When the Walker Art Center opened its new Edward Larrabee Barnes-designed building in 1971, it ushered in exciting new possibilities for exhibiting and collecting the art of its time. The Barnes building, with its sweeping, rectangular galleries and white terrazzo floors, was one of the first U.S. museums designed to showcase sculpture and other works that abandoned the pedestal to be shown directly on the floor, resulting in a more direct relationship between viewer and object.
Sol LeWitt (1928-2007) was one of the first artists whose work graced the Barnes building. LeWitt and the Walker enjoyed a relationship that spanned more than 35 years. It began with the museum’s purchase of sculptures (LeWitt called them “structures”) in the mid-1960s and includes approximately 200 pieces donated by the artist during his lifetime.

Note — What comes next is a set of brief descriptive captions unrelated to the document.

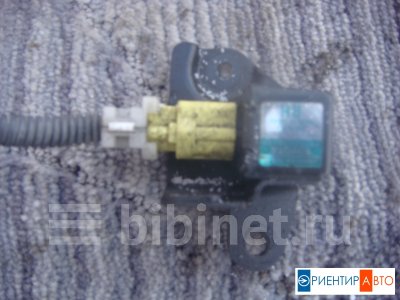 Купить Датчик SRS на Toyota Mark II Blit JZX110W 1JZ-FSE передний правый в Красноярске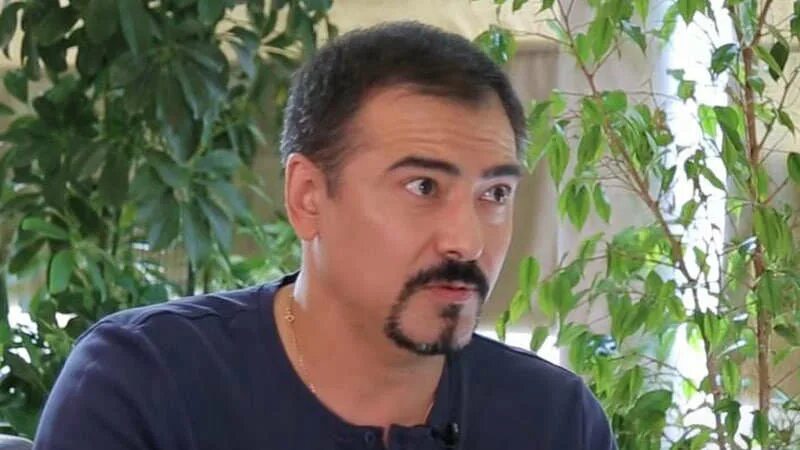 Исо махмудов 36 лет в телеграм. Фархад махмудов. фархад махмудов актер. фархад махмудов бригада. фархад махмудов сейчас.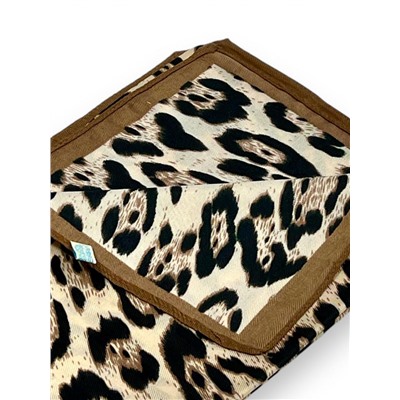 Платок утепленный Леопардовый Арт 3111/6 бежевый с коричневой каймой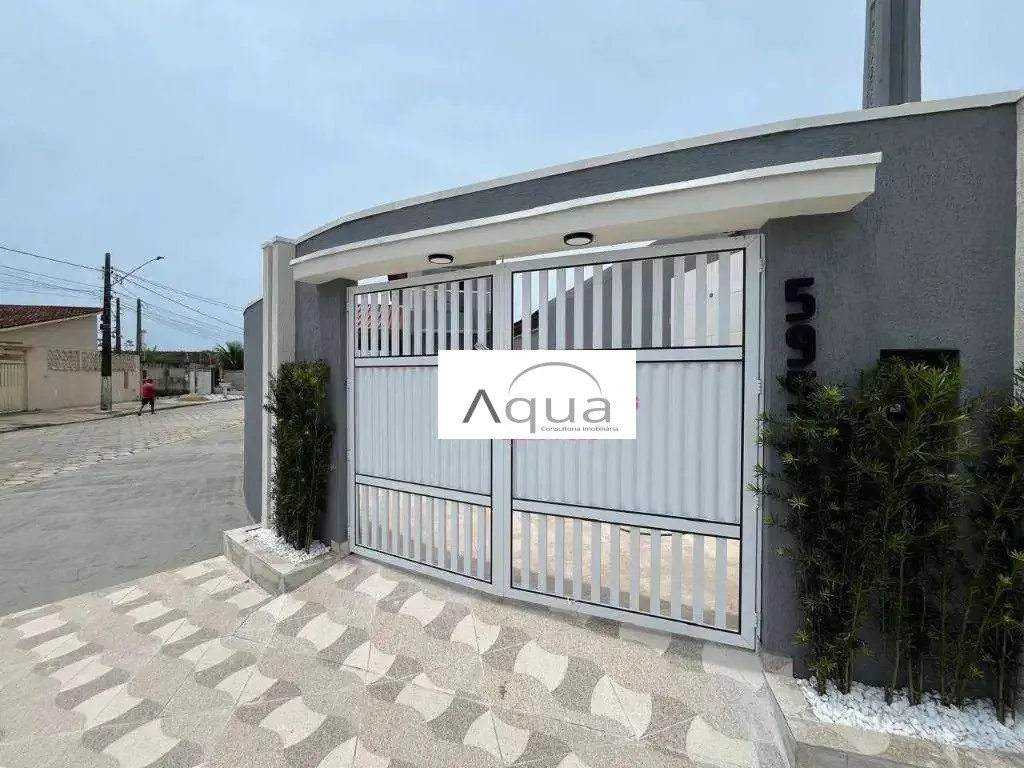 Imagem Casa para Venda em Mongaguá, Florida Mirim, 2 dormitórios, 1 suíte, 2 banheiros, 5 vagas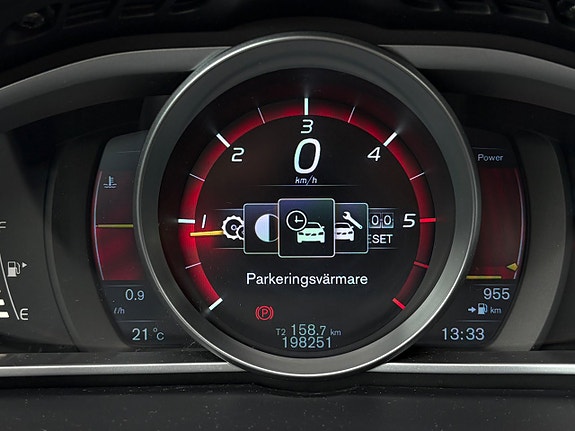 Volvo V40 Cross Country 23 of 23
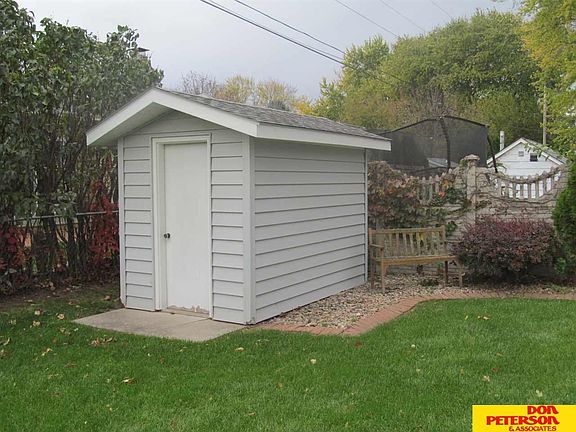 3rd image of 2305 E 12th St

His work is featured prominently in the Minneapolis Sculpture Garden, and his enduring wall drawings have graced the Walker’s public spaces since the early 1980s.
The exhibition Sol LeWitt: 2D+3D, on view November 18, 2010 (from 5-9 pm)-April 24, 2011, presents for the first time the full range of the Walker’s LeWitt holdings, highlighting the artist’s three-dimensional structures, wall drawings, models, unique works on paper, prints, and artist’s books.